I sometimes give it as a reason for a certain lack of uniformity in church attendance, that I cannot away with the new-fangled organs, hymns, and chaunts one meets with there. I love them not, in comparison, that is, with the old psalm tunes. They do not make the heart beat quicker and more proudly, like Kilmarnock and Coleshill, Duke Street and Old 124th.

Nance, however, is so far left to herself as to say that this is only an excuse, and that my real reason is the pleasure I have in thinking that all the people must perforce listen to a sermon, while I can put my feet upon another chair and read anything I like. This, however, is rank insult, such as only wives long wedded dare to indulge in. Besides, it shows, by its imputation of motives, to what lengths a sordid and ill-regulated imagination will go.

Moreover, I have never grown accustomed to the hours of town churches, and I consider, both from a medical and from a spiritual point of view, that afternoon services in town churches are directly responsible for the spread of indigestion, as well as of a spirit of religious infidelity throughout our beloved land.

(Nance is properly scandalised at this last remark, and says that she hopes people will understand that I only believe about half of what I put down on paper when I get a pen in my hand. She complains that she is often asked to explain some of my positions at afternoon teas.

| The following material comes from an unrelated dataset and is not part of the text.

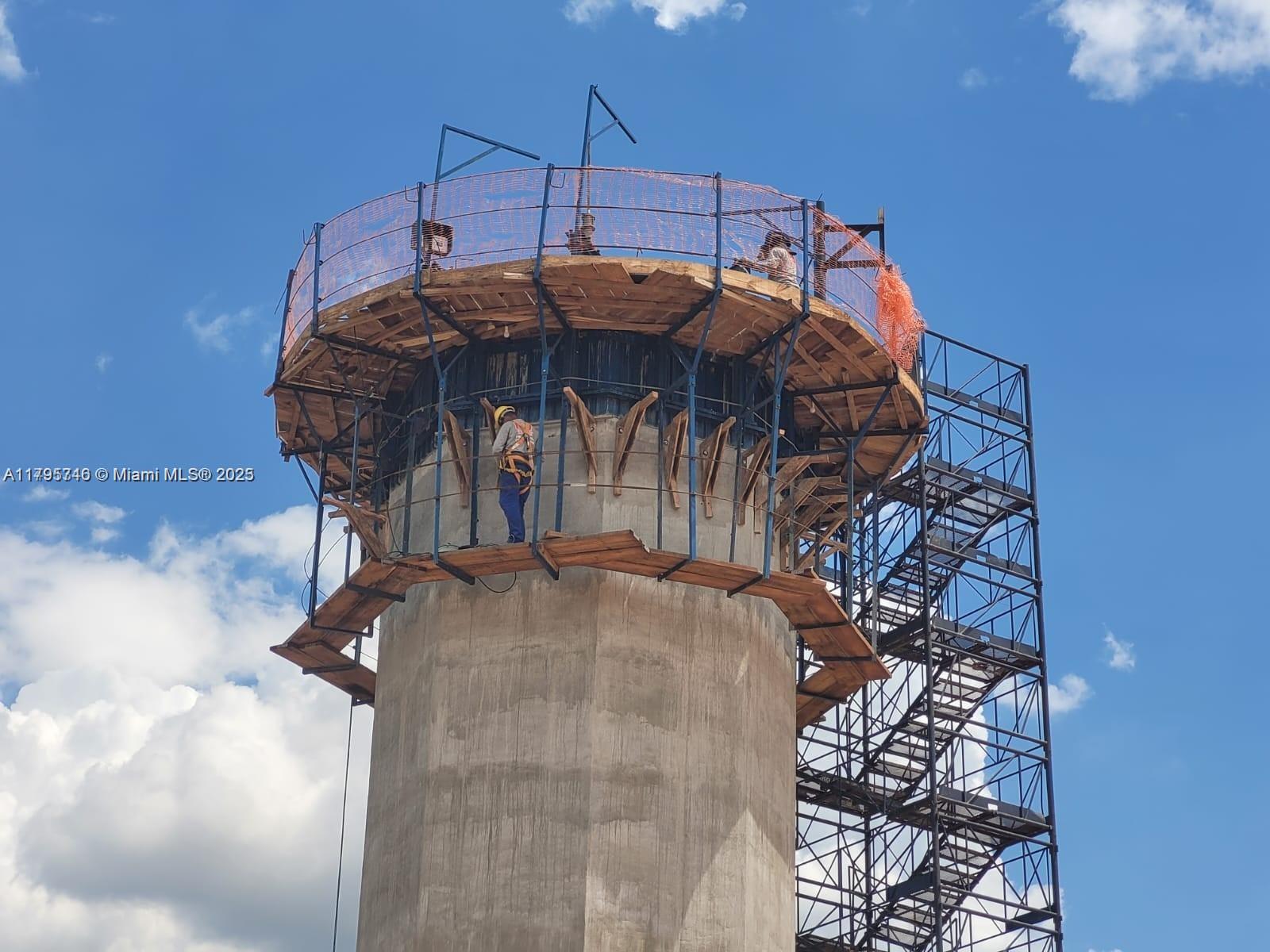 A construction worker stands on a wooden platform surrounding the top of a concrete tower — Cardeal Elias Fausto, SP, SP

I say it serves her right for attending such gatherings of irresponsible gossip, tempered with boiled tannin. It is easy to have the last word with Nance—here.)

But after all the chief thing that I miss when I go to church is just Willie McNair.

The sermon is nowadays both shorter and better. The singing is good of its kind, and I can always read a psalm or a paraphrase if the hymn prove too long, or, as is often the case, rather washy in sentiment. The children's address is really designed for children, and the prayers do not exceed five minutes in length. But—I look in vain for Willie McNair.

Alas! Willie lies out yonder on the green knowe, his wife Betty by his side, and four feet of good black mould over his coffin-lid.

Willie was just our beadle, and he had a story. When I am setting down so many old things, if I forget thee, Willie McNair, may my right hand forget his cunning.

Ah, Willie, though you never were a "church-officer," though you never heard the Word, it is you, you alone that I miss. I just cannot think of the kirk without you. Grizzled, gnarled, bow-shouldered of week-days, what a dignity of port, what a solemnising awe, what a processional tread was thine on Sabbaths! We had only one service in the Kirk on the Hill in my youth. But, speaking in the vulgar tongue, that one was a "starcher."

It included the "prefacing" of a psalm, often extending over quite as long a period of time as an ordinary modern sermon, a "lecture," which as a rule (if "himsel'" was in fettle) lasted about three quarters of an hour. Then after that the sermon proper was begun without loss of time.

Now I cannot say, speaking "from the heart to the heart" (a favourite expression of Willie's), that I regret the loss of all this. I was but a boy, and the torment of having to sit still for from two hours and a half to three hours on a hard seat, close-packed and well-watched to keep me out of mischief, has made even matrimony seem light and easy. How mere Episcopalians and other untrained persons get through the sorrows and disappointments incident to human life I do not know.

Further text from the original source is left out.